Crawled caption data:
+-------+
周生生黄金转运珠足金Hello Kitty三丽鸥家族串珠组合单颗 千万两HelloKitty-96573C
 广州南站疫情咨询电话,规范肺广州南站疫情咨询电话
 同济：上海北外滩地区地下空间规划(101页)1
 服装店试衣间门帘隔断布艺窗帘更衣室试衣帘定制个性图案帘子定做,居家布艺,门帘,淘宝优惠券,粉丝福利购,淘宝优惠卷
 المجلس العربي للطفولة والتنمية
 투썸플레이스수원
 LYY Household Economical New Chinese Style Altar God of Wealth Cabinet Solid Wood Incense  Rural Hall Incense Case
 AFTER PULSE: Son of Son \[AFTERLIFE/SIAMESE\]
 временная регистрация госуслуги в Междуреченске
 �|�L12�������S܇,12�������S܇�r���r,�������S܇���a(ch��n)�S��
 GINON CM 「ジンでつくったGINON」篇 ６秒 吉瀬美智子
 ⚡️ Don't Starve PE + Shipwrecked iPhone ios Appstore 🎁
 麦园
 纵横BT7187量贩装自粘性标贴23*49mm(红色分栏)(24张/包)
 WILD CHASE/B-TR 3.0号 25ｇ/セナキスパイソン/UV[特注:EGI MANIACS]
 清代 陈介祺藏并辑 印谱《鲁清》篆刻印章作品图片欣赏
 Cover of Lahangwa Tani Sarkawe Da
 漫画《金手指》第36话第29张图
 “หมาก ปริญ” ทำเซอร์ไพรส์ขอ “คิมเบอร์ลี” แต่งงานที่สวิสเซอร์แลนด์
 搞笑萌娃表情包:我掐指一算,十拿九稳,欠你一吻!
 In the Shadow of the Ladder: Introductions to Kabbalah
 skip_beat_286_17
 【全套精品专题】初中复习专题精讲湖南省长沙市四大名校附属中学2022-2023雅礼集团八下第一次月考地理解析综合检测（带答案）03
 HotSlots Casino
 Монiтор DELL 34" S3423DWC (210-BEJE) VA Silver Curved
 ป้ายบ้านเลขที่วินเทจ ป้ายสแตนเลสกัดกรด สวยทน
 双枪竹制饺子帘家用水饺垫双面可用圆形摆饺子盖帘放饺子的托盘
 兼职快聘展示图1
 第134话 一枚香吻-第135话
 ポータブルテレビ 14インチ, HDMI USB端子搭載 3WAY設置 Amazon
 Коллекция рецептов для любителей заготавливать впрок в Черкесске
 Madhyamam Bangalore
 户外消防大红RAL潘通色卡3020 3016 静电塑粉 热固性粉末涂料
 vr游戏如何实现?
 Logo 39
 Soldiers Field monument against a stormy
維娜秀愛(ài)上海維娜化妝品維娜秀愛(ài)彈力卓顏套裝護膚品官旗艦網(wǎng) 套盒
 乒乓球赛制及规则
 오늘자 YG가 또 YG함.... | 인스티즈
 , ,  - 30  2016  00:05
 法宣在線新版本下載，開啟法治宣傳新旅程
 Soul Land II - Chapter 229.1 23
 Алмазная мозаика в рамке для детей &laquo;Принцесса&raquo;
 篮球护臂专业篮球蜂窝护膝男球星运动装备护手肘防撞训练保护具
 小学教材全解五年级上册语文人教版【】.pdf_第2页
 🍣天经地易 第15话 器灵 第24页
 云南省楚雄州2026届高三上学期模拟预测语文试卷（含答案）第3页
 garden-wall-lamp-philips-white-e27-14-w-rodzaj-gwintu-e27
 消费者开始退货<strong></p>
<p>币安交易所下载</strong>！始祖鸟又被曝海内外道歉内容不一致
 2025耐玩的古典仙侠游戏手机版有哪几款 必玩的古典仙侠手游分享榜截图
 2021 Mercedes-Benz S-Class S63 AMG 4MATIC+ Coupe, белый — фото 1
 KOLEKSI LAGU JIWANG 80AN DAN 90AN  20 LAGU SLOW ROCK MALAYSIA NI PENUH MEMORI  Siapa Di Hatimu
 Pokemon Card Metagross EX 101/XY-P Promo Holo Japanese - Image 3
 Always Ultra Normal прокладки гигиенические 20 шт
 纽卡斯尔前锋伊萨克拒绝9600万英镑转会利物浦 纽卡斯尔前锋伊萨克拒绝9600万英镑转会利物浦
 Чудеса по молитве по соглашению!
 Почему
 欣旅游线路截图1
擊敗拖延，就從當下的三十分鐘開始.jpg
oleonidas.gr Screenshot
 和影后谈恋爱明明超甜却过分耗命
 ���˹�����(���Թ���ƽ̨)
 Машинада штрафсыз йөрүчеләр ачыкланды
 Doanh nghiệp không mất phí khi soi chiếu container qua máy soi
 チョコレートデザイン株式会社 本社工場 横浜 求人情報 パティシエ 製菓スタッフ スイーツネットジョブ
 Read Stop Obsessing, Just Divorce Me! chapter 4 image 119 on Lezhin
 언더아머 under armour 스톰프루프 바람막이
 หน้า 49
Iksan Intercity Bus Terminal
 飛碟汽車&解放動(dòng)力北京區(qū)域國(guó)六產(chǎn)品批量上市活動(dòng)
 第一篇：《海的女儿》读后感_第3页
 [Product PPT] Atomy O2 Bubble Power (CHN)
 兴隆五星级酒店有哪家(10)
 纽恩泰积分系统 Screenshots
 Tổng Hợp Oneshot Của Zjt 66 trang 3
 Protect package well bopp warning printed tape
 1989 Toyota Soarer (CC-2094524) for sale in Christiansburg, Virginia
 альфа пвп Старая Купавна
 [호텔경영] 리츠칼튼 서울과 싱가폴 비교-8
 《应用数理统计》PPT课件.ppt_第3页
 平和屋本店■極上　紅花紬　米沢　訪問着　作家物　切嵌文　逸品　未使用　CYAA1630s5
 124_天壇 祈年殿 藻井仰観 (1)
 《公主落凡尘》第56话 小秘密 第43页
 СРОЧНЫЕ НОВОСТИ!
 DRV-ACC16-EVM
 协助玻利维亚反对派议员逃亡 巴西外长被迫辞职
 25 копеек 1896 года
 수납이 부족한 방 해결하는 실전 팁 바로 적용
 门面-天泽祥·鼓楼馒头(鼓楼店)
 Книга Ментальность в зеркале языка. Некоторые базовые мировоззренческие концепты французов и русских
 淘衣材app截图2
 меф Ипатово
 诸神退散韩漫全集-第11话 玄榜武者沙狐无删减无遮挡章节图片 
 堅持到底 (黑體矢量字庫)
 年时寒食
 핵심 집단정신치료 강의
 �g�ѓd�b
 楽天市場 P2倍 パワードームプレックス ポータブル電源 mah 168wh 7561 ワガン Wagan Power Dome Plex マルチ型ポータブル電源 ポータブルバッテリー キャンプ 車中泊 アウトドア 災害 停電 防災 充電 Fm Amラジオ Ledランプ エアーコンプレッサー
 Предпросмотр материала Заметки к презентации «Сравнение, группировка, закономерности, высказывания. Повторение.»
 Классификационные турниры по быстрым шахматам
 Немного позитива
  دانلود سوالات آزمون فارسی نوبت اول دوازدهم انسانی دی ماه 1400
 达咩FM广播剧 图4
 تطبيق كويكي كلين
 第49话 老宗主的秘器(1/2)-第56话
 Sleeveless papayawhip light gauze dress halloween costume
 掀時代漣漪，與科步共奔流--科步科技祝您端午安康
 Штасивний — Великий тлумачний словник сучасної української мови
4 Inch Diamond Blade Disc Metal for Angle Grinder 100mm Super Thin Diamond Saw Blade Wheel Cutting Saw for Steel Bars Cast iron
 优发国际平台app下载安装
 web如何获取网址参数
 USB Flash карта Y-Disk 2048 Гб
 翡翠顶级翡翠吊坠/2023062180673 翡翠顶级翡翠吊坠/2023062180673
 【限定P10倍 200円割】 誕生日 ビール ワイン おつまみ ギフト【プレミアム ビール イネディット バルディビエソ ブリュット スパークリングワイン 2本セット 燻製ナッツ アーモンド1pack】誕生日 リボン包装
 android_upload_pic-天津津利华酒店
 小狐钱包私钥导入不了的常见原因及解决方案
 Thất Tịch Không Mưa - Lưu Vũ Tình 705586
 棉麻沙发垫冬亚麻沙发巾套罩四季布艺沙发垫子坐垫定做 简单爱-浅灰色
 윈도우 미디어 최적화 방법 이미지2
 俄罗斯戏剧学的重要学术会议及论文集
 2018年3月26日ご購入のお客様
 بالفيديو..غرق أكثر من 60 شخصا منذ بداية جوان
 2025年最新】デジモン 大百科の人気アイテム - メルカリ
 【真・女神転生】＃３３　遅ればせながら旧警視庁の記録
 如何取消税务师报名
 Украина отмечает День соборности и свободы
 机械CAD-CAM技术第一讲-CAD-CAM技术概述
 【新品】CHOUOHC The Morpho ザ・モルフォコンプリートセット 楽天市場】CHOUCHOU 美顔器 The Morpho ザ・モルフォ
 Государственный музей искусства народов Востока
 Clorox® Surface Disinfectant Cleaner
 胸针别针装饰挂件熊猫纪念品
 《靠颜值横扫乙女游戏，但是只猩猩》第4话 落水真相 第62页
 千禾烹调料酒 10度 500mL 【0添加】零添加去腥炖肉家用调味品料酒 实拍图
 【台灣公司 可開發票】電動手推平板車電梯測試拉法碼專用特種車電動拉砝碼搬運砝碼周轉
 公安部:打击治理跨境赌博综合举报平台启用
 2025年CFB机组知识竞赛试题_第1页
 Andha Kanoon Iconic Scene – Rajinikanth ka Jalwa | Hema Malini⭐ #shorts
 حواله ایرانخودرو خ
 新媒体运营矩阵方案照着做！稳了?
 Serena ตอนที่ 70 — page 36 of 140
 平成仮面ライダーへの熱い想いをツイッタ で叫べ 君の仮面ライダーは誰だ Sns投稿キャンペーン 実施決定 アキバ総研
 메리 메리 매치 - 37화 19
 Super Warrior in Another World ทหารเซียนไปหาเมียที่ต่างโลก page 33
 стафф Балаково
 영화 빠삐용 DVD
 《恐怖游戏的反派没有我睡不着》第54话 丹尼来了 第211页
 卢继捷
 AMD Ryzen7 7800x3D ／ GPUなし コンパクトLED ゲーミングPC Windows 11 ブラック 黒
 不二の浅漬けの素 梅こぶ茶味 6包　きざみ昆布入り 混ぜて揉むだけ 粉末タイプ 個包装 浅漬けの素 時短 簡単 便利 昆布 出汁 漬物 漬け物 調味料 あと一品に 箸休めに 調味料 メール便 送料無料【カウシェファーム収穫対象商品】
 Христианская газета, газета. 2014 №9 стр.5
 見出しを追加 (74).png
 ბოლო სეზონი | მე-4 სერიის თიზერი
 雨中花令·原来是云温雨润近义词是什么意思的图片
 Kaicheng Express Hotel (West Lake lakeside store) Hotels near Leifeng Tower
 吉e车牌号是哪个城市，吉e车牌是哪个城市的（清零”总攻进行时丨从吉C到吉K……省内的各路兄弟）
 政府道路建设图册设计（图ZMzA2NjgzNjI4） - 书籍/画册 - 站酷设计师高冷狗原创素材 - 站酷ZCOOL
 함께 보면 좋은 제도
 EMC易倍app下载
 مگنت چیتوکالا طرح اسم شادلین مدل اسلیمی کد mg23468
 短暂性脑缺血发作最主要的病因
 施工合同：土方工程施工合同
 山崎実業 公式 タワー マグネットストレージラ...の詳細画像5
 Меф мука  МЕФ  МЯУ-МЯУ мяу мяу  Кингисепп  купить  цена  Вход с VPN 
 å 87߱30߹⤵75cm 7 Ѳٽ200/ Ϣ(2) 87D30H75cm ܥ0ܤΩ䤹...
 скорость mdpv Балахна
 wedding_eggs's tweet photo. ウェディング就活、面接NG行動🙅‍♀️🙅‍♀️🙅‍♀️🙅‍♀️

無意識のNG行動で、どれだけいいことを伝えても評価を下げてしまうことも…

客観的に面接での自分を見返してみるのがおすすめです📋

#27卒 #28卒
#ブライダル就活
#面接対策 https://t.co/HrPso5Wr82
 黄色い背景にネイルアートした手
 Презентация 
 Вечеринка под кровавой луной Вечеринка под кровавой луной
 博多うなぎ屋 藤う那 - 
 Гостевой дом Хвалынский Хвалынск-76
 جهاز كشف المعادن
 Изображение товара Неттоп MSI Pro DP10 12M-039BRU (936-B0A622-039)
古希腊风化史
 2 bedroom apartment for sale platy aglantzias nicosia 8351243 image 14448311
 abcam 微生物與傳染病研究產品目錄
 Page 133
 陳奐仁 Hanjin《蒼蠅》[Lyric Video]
+-------+
WHAT TO WORK ON
Wherever the string "楽天市場" appears in a line of the records above, copy that line.

SOLUTION TO THIS PROBLEM
 楽天市場 P2倍 パワードームプレックス ポータブル電源 mah 168wh 7561 ワガン Wagan Power Dome Plex マルチ型ポータブル電源 ポータブルバッテリー キャンプ 車中泊 アウトドア 災害 停電 防災 充電 Fm Amラジオ Ledランプ エアーコンプレッサー
 【新品】CHOUOHC The Morpho ザ・モルフォコンプリートセット 楽天市場】CHOUCHOU 美顔器 The Morpho ザ・モルフォ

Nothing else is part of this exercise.